REQUIRED ACTION - When you reach the line with "Muslim Dress Women" in the listing below, transcribe it and each line after it up to and including the line with "Parrilla Estufa 6 Quemadores Vidrio Templado", exactly and with nothing else.

EXCERPTED DATA -

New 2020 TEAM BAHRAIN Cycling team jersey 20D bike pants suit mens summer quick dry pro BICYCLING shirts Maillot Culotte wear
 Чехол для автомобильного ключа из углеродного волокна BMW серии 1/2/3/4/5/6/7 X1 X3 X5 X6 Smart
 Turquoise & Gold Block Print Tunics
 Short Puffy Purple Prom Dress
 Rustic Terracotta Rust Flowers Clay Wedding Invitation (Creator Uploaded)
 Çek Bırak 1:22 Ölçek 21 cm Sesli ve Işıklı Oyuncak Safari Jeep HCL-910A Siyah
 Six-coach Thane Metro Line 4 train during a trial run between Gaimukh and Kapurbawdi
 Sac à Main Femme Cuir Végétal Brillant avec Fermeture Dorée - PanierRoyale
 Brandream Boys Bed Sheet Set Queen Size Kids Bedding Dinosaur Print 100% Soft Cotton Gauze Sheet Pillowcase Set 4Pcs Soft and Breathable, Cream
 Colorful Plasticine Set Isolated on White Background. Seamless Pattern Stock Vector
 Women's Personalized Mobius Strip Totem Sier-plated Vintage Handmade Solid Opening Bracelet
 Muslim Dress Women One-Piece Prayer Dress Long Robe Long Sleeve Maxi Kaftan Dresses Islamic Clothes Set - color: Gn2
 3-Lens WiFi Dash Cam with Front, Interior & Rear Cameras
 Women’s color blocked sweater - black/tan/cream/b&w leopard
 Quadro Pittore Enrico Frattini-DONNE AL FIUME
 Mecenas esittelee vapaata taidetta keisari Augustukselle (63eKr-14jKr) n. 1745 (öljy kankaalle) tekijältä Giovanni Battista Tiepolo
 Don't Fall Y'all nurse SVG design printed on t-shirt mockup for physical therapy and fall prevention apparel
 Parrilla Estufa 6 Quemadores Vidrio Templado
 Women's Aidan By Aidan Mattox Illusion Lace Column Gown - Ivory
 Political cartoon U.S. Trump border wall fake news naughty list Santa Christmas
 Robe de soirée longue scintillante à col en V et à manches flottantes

WRITTEN SOLUTION -
 Muslim Dress Women One-Piece Prayer Dress Long Robe Long Sleeve Maxi Kaftan Dresses Islamic Clothes Set - color: Gn2
 3-Lens WiFi Dash Cam with Front, Interior & Rear Cameras
 Women’s color blocked sweater - black/tan/cream/b&w leopard
 Quadro Pittore Enrico Frattini-DONNE AL FIUME
 Mecenas esittelee vapaata taidetta keisari Augustukselle (63eKr-14jKr) n. 1745 (öljy kankaalle) tekijältä Giovanni Battista Tiepolo
 Don't Fall Y'all nurse SVG design printed on t-shirt mockup for physical therapy and fall prevention apparel
 Parrilla Estufa 6 Quemadores Vidrio Templado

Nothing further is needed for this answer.